The Federal Communications Commission (FCC) classifies broadband internet as an internet connection with a download speed of at least 25 megabits per second. For perspective, that is also the minimum speed recommendation for Ultra HD quality streaming on Netflix.
According to the FCC, fewer than two thirds of Americans living in rural areas have access to broadband, while 97 percent of Americans in cities have access to at least the slowest version of broadband internet. According to the Speedtest Global Index, the average fixed broadband download speed is almost five times faster than 25 megabits per second.
The Broadband for All Act would create a new tax credit of up to 75 percent for groups of two or more homeowners or businesses to help cover the cost of building the infrastructure needed to get them online. The tax refund applies to any available technology, so each group can choose the best option that bridges the “last-mile” gap between their homes and businesses and the existing broadband service network.

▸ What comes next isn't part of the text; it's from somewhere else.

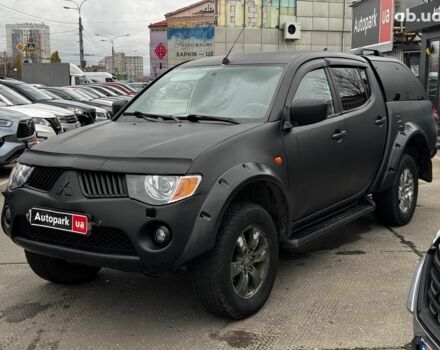 Чорний Міцубісі Л 200, об'ємом двигуна 2.5 л та пробігом 330 тис. км за 9890 $, фото 1 на Automoto.ua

Leveling the Playing Field
The data shows that Americans in rural areas do not have the same level of access to broadband as those living in more urban areas and cities. According to the FCC, approximately 39 percent of people living in rural areas lack access to high-speed broadband. According to data gathered by Microsoft, only 38 percent of the population in Clallam County, Washington uses a broadband connection. In neighboring Jefferson County, that figure stands at 36 percent. By comparison, almost 79 percent of King County residents use a broadband connection. These disparities reflect the difficulties – often directly related to high costs and lack of access – faced by rural communities in obtaining access to broadband.